A new water treatment stock is heading for the National Stock Exchange with the launch of a $3 million initial public offering.

OneAtom 12 is working to commercialise an acid separation membrane for use in water treatment.

It will be one of only a handful of Australian listed water treatment stocks and the second listed stock that uses membrane technologies to treat water.

In February last year, OneAtom signed a commercialisation agreement with Monash University to exclusively use the patented intellectual property in the field for use of membranes to separate acid from waste water.

The company’s goal is to manufacture commercial polymer ion-exchange membranes in China to treat industrial water.

OneAtom will start with a plant in China before looking to market its technology in the US, Europe and Africa.

The IPO, priced at 8c per share, opens July 17 and closes July 31 ahead of an August 10 listing on the National Stock Exchange (NSX).

It’s the third recent IPO launched on the NSX — Australia’s second stock market with 83 listed companies — after meat seller Hao Xian Yang and beauty retailer D-Full Holding Group.

OneAtom’s plan to float comes close on the heels of news of an $8 million IPO being undertaken by wastewater treatment business Calix.

Sydney-based Calix, which was founded in 2005, has patented a technology called Calix Flash Calcination. The process involves grinding down minerals and flash-heating them at up to 800 degrees, then snap freezing the gases that emerge.

The business has developed a range of products from this process, including ACTI-Mag, an inorganic compound that can be added to sewers and water treatment facilities to strip odour and control hydrogen sulphide gas in sewer systems.

Water treatment stocks on the nose

Water treatment stocks have been a bit hit and miss with investors over the past year, with ASX-listed players like Fluence tumbling 55 per cent to 39.5c and De.Mem sliding 61 per cent to 14c.

Fluence has the largest global reach. It is a result of a merger between ASX-listed Emefcy and US company RWC last year.

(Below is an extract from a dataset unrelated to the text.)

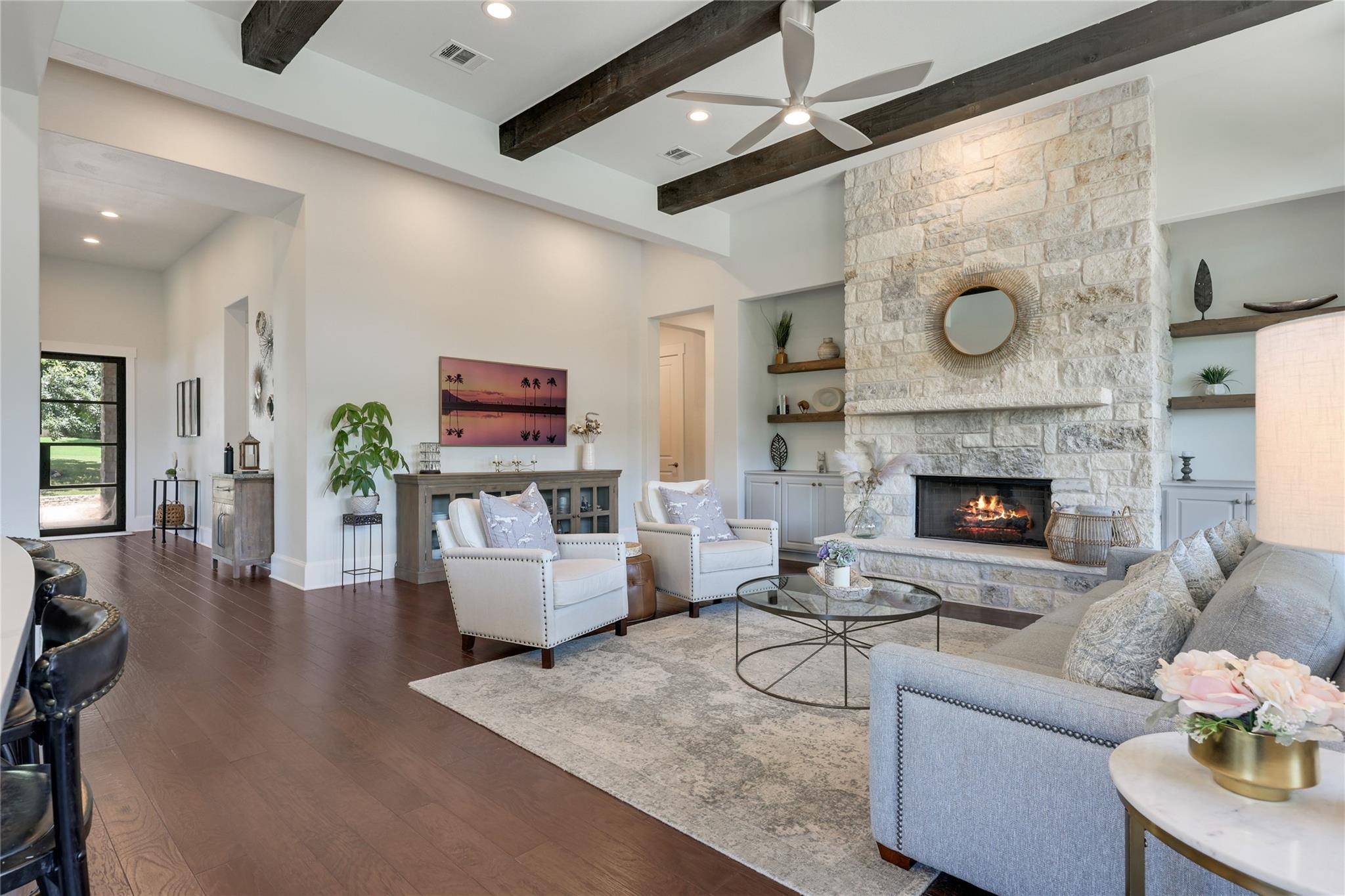 802 Crestone Stream DR, Lakeway, TX 78738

It has a footprint in China, Africa, Latin America, Asia, the US, and Europe, where it sells portable desalination units and water treatment units.

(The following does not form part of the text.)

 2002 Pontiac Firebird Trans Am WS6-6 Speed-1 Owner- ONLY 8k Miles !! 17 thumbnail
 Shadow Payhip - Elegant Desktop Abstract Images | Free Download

De.mem (ASX:DEM) operates in Asia and Australia, and also has an eye closely focused on China.

It has an exclusive licence to a water purifying membrane from the Nanyang Technological University in Singapore, and is partnering with Virtual Curtain China Limited (VCCL), whose tech is from CSIRO.

It owns an Australian, revenue making, business called Akwa-Worx, and has completed commercial trials of its nanofiltration membrane technology in Singapore and Vietnam.